Infinite Loop

Enable seamless infinite navigation by setting loop: true. The slider clones boundary slides into the DOM and silently teleports after each loop transition.

Basic usage

new Slider('#el', {
  loop: true,
})

How it works

When loop: true is set the slider creates DOM clones of the boundary slides:

  • The last slidesPerPage slides are cloned and prepended before the first real slide.
  • The first slidesPerPage slides are cloned and appended after the last real slide.

Navigation across the boundary works in three steps:

  1. The wrapper animates to the clone position (appears seamless).
  2. Once the CSS transition ends, the wrapper instantly jumps to the corresponding real slide (no visual change).
  3. The slider is ready for the next navigation.

With slidesPerPage

new Slider('#el', {
  slidesPerPage: 2,
  gutter: 16,
  loop: true,
})

The clone count always matches slidesPerPage, so the loop boundary always looks like a full page of content.

With rewind (alternative)

If you prefer a non-clone approach, use rewind: true instead.
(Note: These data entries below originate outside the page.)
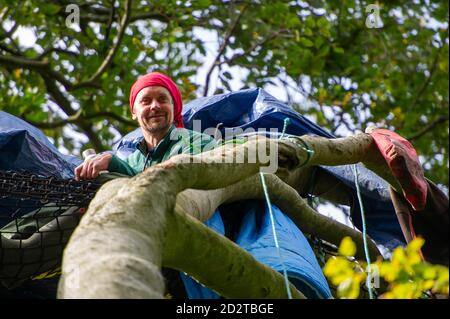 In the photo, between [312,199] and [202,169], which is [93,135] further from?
[202,169]

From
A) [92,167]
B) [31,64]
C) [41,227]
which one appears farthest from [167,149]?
[31,64]

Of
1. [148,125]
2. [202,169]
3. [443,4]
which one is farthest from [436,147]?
[202,169]

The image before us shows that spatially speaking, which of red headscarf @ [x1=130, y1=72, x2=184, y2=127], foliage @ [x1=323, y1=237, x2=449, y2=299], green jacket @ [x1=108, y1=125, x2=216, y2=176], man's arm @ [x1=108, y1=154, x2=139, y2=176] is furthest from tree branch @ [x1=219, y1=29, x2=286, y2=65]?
foliage @ [x1=323, y1=237, x2=449, y2=299]

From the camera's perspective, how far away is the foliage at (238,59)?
23.6 feet

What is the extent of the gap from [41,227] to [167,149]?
0.71 metres

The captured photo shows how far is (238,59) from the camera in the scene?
751 cm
It jumps from last to first (and back) without any DOM cloning — useful when a visible "reset" jump is acceptable.

new Slider('#el', {
  rewind: true, // no clones, visible jump
})

Note: loop and rewind are mutually exclusive. If both are set, loop takes precedence.

With autoplay

import { autoplay } from '@andresclua/sliderkit-plugins'

new Slider('#el', {
  loop: true,
  plugins: [autoplay({ delay: 3000 })],
})

Caveats

  • Clones are aria-hidden and excluded from tab order.
  • Loop requires at least 2 slides. With a single slide it is a no-op.
  • For slidesPerPage > 1, ensure you have more slides than slidesPerPage; otherwise there are no pages to loop between.
  • The seamless jump happens only for single-step boundary navigation (next at last slide, prev at first). Programmatic goTo(index) across the boundary still wraps without the clone animation.